You don’t know my age. That’s why you don’t know whether I’m over 35. So, how can you possibly know whether I am not over 35? Duh!

NOT Unknown is, of course, Unknown.

 

So, to wrap things up, here are the completed truth tables for the operators AND, OR, and NOT in three-valued logic

 

The truth table for AND:

 

True

Unknown

False

True

True

Unknown

False

Unknown

Unknown

Unknown

False

False

False

False

false

 

The truth table for OR:

 

True

Unknown

False

True

True

True

True

Unknown

True

Unknown

Unknown

False

True

Unknown

false

 

The truth table for NOT:

True

False

Unknown

Unknown

False

True

 

Some oddness

 

If you ever forget the logic tables, you can use examples similar to these to easily reconstruct them on the spot. However, do take care that you use independent propositions. If you don’t, you can easily get at incorrect conclusions, as illustrated by these propositions:

 

WHERE Age > 35 AND Age < 30

WHERE Age > 35 OR Age < 45

This is a fine example of the difference between humans and computers.

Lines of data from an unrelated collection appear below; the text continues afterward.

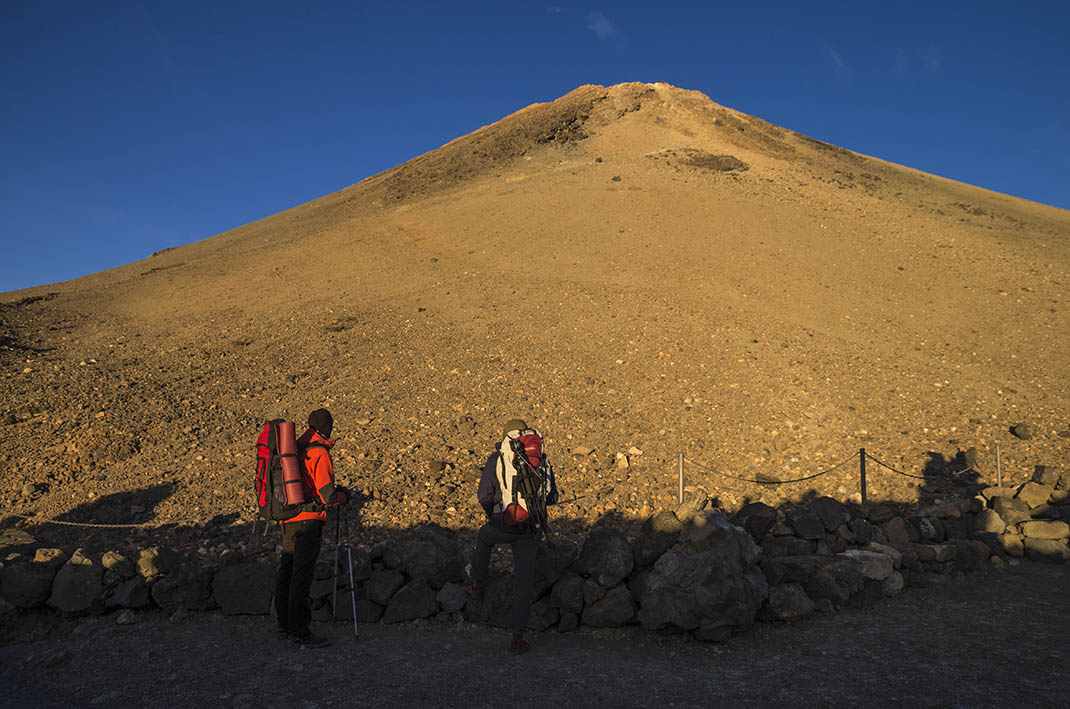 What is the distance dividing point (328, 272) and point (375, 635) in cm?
1764

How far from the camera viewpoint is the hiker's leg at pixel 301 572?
5305 mm

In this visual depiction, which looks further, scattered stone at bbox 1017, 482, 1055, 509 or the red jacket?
scattered stone at bbox 1017, 482, 1055, 509

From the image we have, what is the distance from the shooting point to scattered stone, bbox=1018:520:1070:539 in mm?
8188

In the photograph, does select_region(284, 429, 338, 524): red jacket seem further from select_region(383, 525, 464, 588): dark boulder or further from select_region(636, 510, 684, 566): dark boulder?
select_region(636, 510, 684, 566): dark boulder

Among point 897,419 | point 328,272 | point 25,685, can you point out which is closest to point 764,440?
point 897,419

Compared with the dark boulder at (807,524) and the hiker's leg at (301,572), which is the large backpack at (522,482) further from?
the dark boulder at (807,524)

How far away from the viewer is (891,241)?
23938 mm

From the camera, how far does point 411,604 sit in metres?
6.08

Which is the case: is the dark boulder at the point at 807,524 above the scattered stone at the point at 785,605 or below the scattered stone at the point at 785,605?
above

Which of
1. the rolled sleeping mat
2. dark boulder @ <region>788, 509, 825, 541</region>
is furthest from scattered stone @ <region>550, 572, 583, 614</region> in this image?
dark boulder @ <region>788, 509, 825, 541</region>

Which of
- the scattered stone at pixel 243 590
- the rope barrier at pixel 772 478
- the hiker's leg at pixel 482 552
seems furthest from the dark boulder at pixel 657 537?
the rope barrier at pixel 772 478

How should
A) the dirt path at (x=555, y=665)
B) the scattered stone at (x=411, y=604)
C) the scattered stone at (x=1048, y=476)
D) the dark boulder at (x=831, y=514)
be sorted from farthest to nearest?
the scattered stone at (x=1048, y=476) → the dark boulder at (x=831, y=514) → the scattered stone at (x=411, y=604) → the dirt path at (x=555, y=665)

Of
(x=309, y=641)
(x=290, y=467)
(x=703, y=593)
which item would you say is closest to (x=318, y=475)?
(x=290, y=467)

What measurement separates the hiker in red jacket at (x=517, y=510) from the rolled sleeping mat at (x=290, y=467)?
4.93 ft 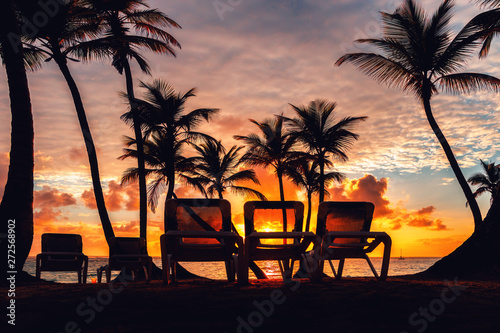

Humans think; computers only do as told. You do not need to know my age in order to tell everyone who asks you that Hugo Kornelis is definitely not both over 35 and under 30, or that he definitely is either over 35 or under 45. A computer lacks this logic insight – it just does as told. The instructions for the computer are clear: first evaluate the individual propositions (all resulting in Unknown, since each of the propositions by itself is indeed Unknown), then apply the AND or OR operator to the two truth values – so the computer will return Unknown for the two propositions above, even though every sane human knows that they should evaluate to False and True respectively.

 

CHECK, the odd one out

 

Once a proposition has been evaluated to a single truth value, the computer has to determine what to do with the result. In most all places where the SQL language rules allow a logical expression, the defined behavior is to treat True one way, and both False and Unknown in another way. For instance, a row is included in the result set of a query if the WHERE clause evaluates to True, but excluded if it evaluates to either False or Unknown. Same goes for the decision to include or exclude a group of rows based on the HAVING clause – it has to evaluate to True; both Unknown and False means that the group is out. The query processor prefers to be safe rather than sorry – if it can’t tell for sure that you want the row included, it won’t be.

 

For logical expressions in IF and WHILE statements and in CASE expressions, the same logic holds. A condition statement introduced with IF will be executed if the condition is True whereas the ELSE part (if any) is executed on both False and Unknown; a WHILE block will be repeated as long as the expression evaluates to True and execution stops on False and Unknown; and in a CASE expression, the WHEN that evaluates to True determines the result.

 

There is one notable exception to this – the CHECK constraint. If a row is inserted or updated that causes the CHECK constraint to evaluate to True, the modification is accepted; if it evaluates to False, it is rejected – but if it evaluates to Unknown, the modification is accepted! This is an unexpected change from the accustomed, but not one that has been made without reason – since Unknown usually results from a NULL value in the constrained column, rejecting rows if the CHECK constraint if the proposition evaluates to Unknown would merely duplicate the effect of a NOT NULL constraint. With the definition of a CHECK constraint as it is, illogical as it might seem, it’s very easy to define both an optional age column that will only accept ages over 35 or no age at all, and equally easy to define a mandatory age column that forces you to enter an age of over 35:

 

CREATE TABLE DemoPersons

            (PersonID     int     NOT NULL

            ,AgeOptional  tinyint NULL     CHECK (AgeOptional > 35)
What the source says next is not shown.